The City Council agreed last week to allow the city's housing department to solicit redevelopment plans for the Buzzard Point area one mile south of the Capitol - property the city neither owns nor has any idea how it will acquire.

The only thing city officials know is that they want this close-in neighborhood, now a rundown industrial area of mostly junkyards, transformed into a new urban community of mostly apartments, small shops and townhouses.

"It's not doing anything productive for the city," said J. Kirkwood White, director of the city's zoning office. "Having outdoor storage (junkyards) that close to the U.S. Capitol is a misuse of land," he added.

In the recent past the city would simply have declared the entire 40 acres - stretching from South Capitol Street east to the Navy Yard and from M Street south to the Anacostia River - an urban renewal area, bought the land and sold it to the developer who presented the best revitalization plan.

Now there is no money for new urban renewal projects. The federal government turned off the flow of funds three years ago when it switched to the revenue sharing program for housing - community development block grants.

The District, like other cities across the country, is now grappling with the complex question of how to clean up a blighted area without urban renewal money.

The answer so far from District officials is they are not sure.

"The project comes at a time when the city is seeking new procedures for urban development and new methods to fund it with a view toward minimizing the delays and the expenditures of large amounts of public money that are associated with the urban renewal process," White said.

"We're attempting to come up with a feasible plan" for redevelopment "without urban revewal," said Albert Miller, deputy director of the city housing department.

Currently the land, in the hands of about 50 owners, is a melange of rundown houses that are home to about 80 families, gas stations, auto repair shops and a paper baling company. A storage yard for Metro buses, the Government Services Inc. warehouses, a garage for the city's trash trucks and the Maloney Concrete plant are also located in the neighborhood.

City officials went potential developers to submit detailed plans for land acquisition and new housing. Officials are unsure exactly where to obtain money to buy land in the area if that becomes necessary.

The only company that has indicated any interest in redeveloping the [WORD ILLEGIBLE] area is the Dravo Corp. of Pittsburgh, a conglomerate that specializes in heavy construction work. The corporation owns the Potomac Sand and Gravel Co., which is located in the area.

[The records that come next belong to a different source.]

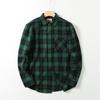 Factory Leftover Stock Classic Plaid Casual Long-Sleeve Shirt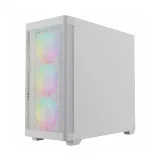 CASE GAMDIAS ATHENA M3 WHITE ARGB – MID TOWER | 4 FAN ARGB PWM | HỖ TRỢ E-ATX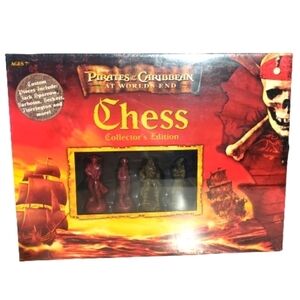 Pirates of the Caribbean at World's End chess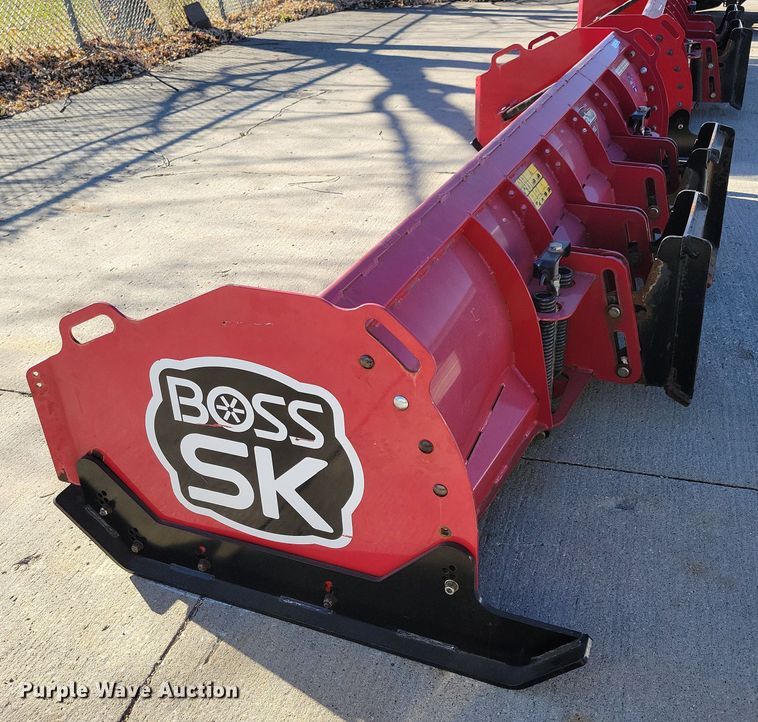 image for item LC9302 2018 Boss Trip-Edge SK  snow pusher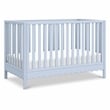 DaVinci Sammy Scallop 4-in-1  Convertible Crib in Light Blue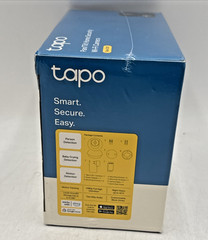 TP-Link Tapo C201 Pan Tilt Security Camera Night Vision 2 Way Audio Motion Det
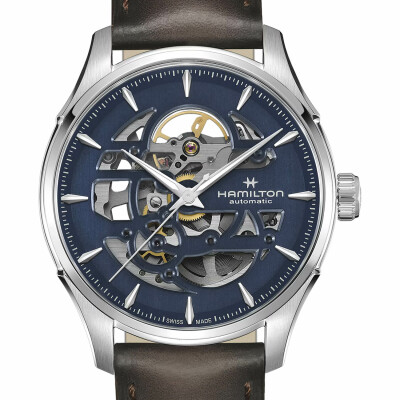 Montre HAMILTON Jazzmaster Skeleton Auto H42535541 vue 2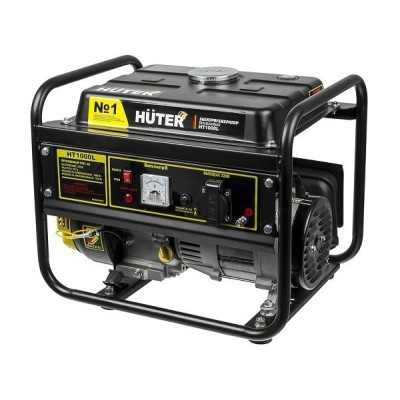 Генератор бензиновый HUTER HT1000L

A person knowledgeable about development trends in the city said he would send the Buzzard Point materials to some of his clients, but he added that redevelopment of the area for housing might be hampered by the presence of the heavy industry in the community such as the concrete plant and the nearby generating station of the Potomac Electric Power Company.

White admits that developers are not hurrying to invest in Buzzard Point.

"It is not a hot investment area but a back burner investment area that needs government stimulus to come alive," he said.

White believes that the subway stop at South Capitol and M and the area's waterfront location should make it attractive for homes priced for sale to middle-income families who cannot afford the luxury housing that is planned for West End and the Georgetown Waterfront.

The West End, the area generally northwest of Washington Circle is similar to Buzzard Point since both are old industrial areas. But private developers have long been interested in building in the West End because it is between Georgetown and downtown.

Last year White's office prepared a major rezoning plan for the entire 167-acre Buzzard Point area.

Although that rezoning plan has never been formally adopted by the city's zoning commission, developers for the scaled-down area are being told to use the plan as a guide in preparing their designs for the area.

Lacking urban renewal, "it's not going to be easy - but we have to look at things differently," Miller said.